> _Work task_
From the line that contains "Thumbnail: 2025 Audi Q5 - 11" through the line that contains "06.09.2026 - CURREX", output every line of the listing below exactly and leave out all the rest.

> _The records_
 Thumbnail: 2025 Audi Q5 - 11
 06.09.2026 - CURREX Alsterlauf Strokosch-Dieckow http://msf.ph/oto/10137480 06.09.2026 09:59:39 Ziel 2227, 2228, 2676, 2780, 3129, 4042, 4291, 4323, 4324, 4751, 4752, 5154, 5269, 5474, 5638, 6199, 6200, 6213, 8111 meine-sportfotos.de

---

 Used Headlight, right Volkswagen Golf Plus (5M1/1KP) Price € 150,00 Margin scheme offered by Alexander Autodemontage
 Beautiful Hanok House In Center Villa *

--

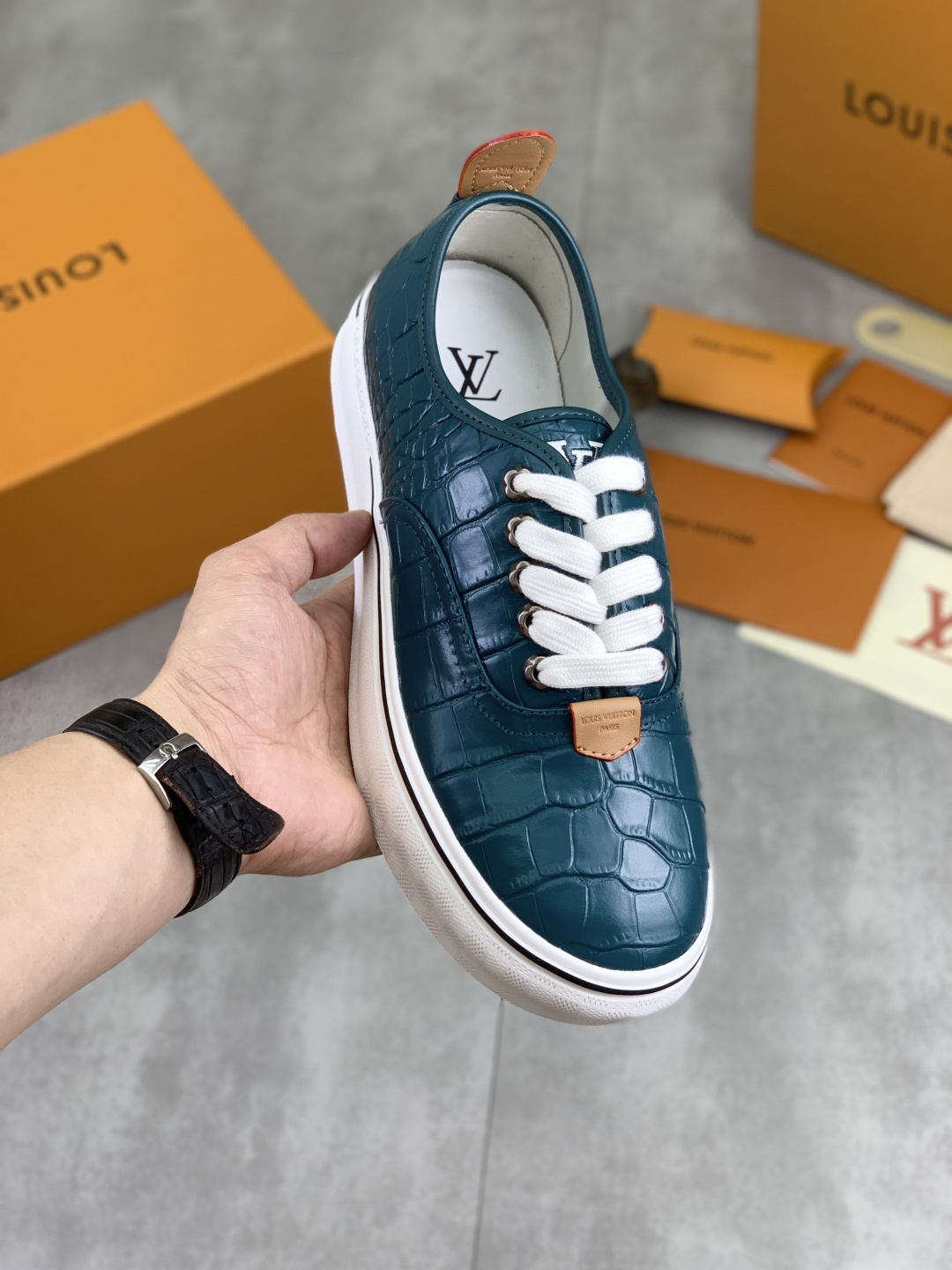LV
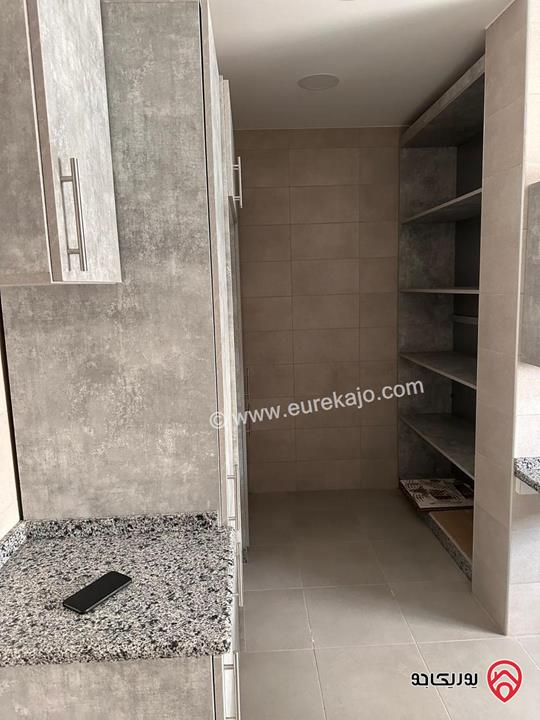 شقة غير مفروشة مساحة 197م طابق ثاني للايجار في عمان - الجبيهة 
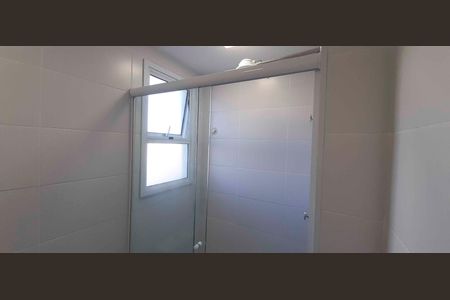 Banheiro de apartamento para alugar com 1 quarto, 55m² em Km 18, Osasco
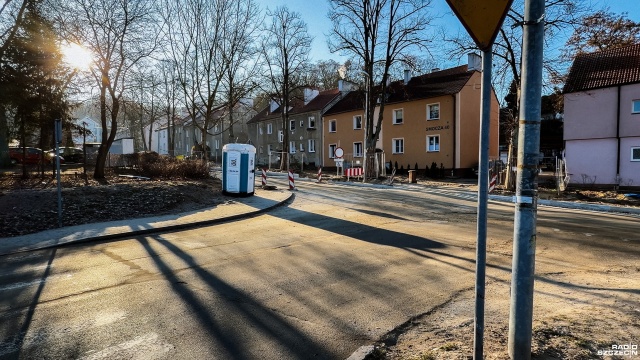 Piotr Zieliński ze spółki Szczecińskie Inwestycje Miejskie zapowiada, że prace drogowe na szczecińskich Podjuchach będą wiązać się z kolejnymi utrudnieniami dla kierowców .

> _Solution_
 Thumbnail: 2025 Audi Q5 - 11
 06.09.2026 - CURREX Alsterlauf Strokosch-Dieckow http://msf.ph/oto/10137480 06.09.2026 09:59:39 Ziel 2227, 2228, 2676, 2780, 3129, 4042, 4291, 4323, 4324, 4751, 4752, 5154, 5269, 5474, 5638, 6199, 6200, 6213, 8111 meine-sportfotos.de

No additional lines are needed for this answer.